(Corrects to make clear bullbars are not compulsory equipment, paragraph 7)
By David B Gray
CUNNAMULLA, Australia, Aug 29 (Reuters) - A road crew pulls their truck off the side of a lonely stretch of highway in Australia’s outback. One of them jumps from the vehicle and grabs a hook stained red with blood.
He plunges the hook into a kangaroo carcass and the truck drags it off the road, removing a hazard to motorists.
It’s a gory ritual the crew performs 50 to 60 times a day on the “roo run” - nearly 100 km (62 miles) of highway between the towns of Bourke and Enngonia in the state of New South Wales.
Kangaroos and emus, the two animals on Australia’s coat of arms, are common in this part of the outback and “roadkill” - the name given to animals hit by cars or trucks - is often littering the sides of roads.
Recent heavy rains have resulted in the normally dry, red soil giving way to an abundance of green grass and colourful flowers, and in turn led to a dramatic increase in the population of kangaroos and emus, the country’s largest bird.
A bounding adult kangaroo weighing up to 90 kg (198 lb) or a flightless adult emu in full stride at 48 kmh (30 mph) can cause serious, even fatal, road crashes.
Some drivers equip the front of their vehicles with metal “bullbars” to deflect the animals and minimise damage.
Airports are taking precautions too.
Bourke’s town council ordered “roo runs” ahead of night landings after a Royal Flying Doctor Service plane collided with a kangaroo in August as the aircraft was trying to land.
The kangaroo had burrowed under the airport security fencing in search of fresh green grass to eat, the council said on its website last Friday.
“Fortunately, no one was injured, however, the plane did suffer damage to the propeller and motor and it was unable to be flown without repairs,” the council said.
Australian insurer AAMI said in April an analysis of 20,000 accident insurance claims showed New South Wales was the top state for animal collisions.
“Across all states, kangaroos are reportedly the most commonly hit animal, with four out of five claims attributed to kangaroos,” said AAMI spokesperson Ashleigh Paterson.

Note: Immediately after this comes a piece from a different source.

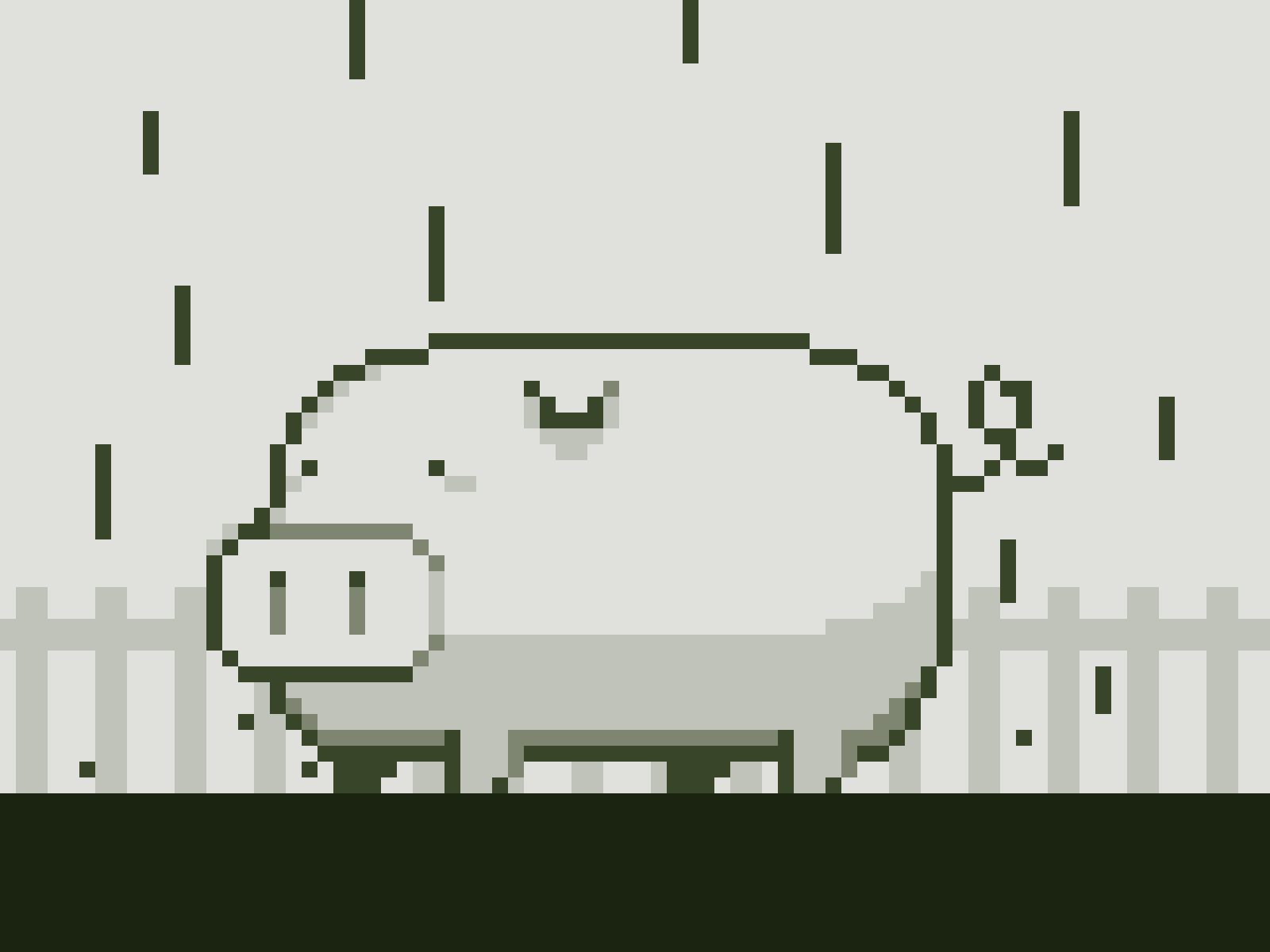 1600x1200 Rainy Day Pig by Joanna Ngai on Dribbble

Wombats, cattle and wallabies are also among frequently hit animals, she added.
“Wildlife is unpredictable and can appear out of nowhere so it’s vital to be extra cautious, particularly in areas which high volumes of wildlife,” Paterson said.

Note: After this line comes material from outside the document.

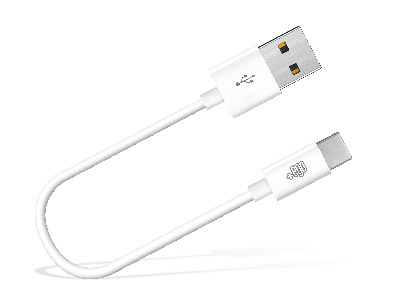 BlackBerry Keyone - Sync Data and Charging cable Usb A - Usb C White 20 cm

Aside from posing a major danger to motorists, kangaroos compete with farm animals for feed and water, farmers complain.
Kahmoo Station, a cattle and sheep property on the outskirts of the southwest Queensland town of Cunnamulla, has seen an explosion of kangaroos and emus on the 80,000-acre (32,000-hectare) property, said farmer Tony Reid.

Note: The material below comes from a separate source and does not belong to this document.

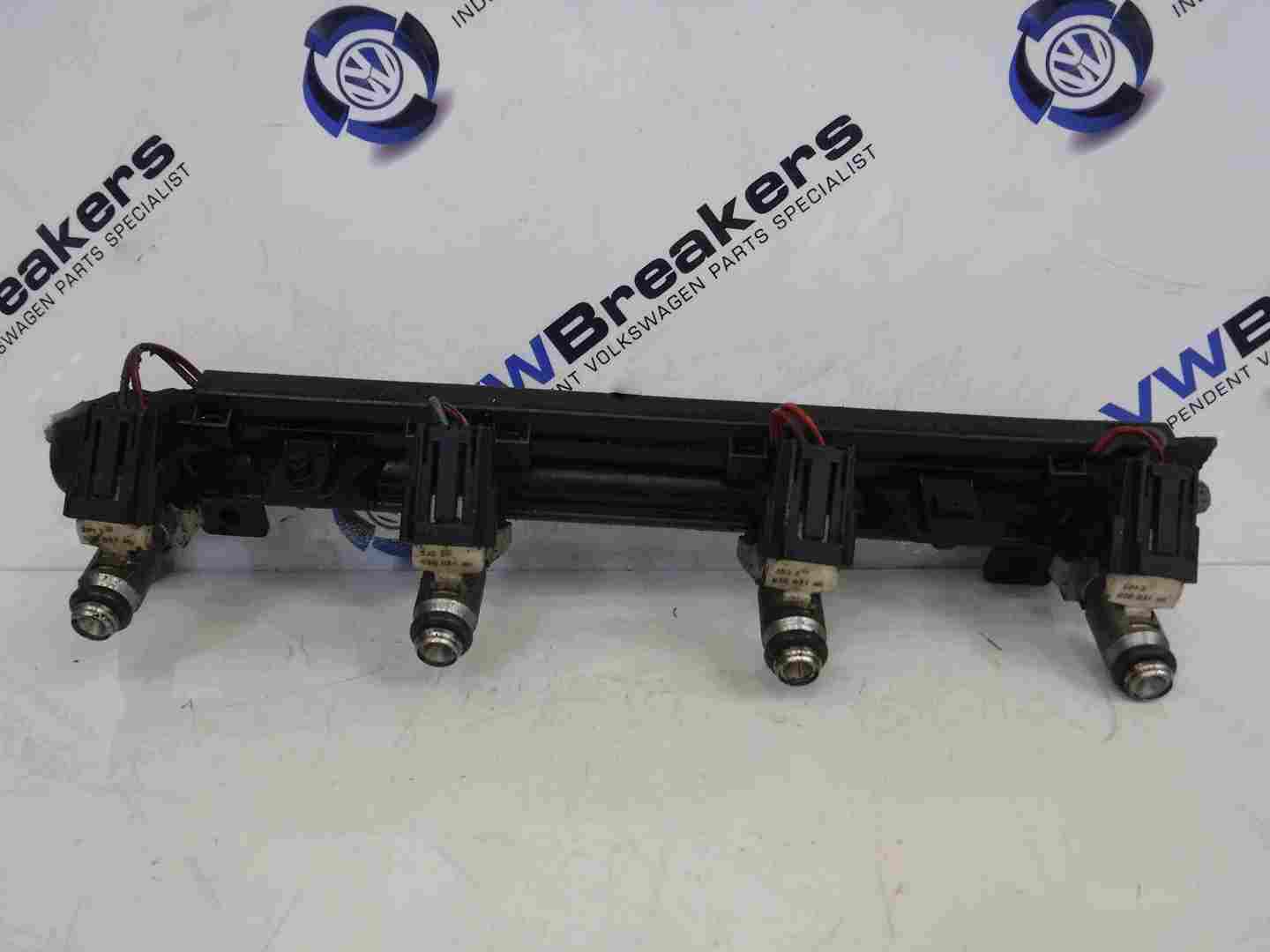 Volkswagen Golf MK6 2009-2012 1.4 16v Fuel Injectors X4 + Rail CGGA cgga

When he is driving in a paddock, just the sheer numbers makes it extremely difficult for him to avoid hitting a kangaroo.
Emus are a challenge too because “they are unpredictable and can be running away, but turn sharply back into your path”, he said. Fortunately they are lighter than kangaroos and cause less damage, Reid added.
The dry winter at Kahmoo Station this year means kangaroos and emus will seek fresh feed, and that usually means a roadside where the early morning dew creates fresh green shoots.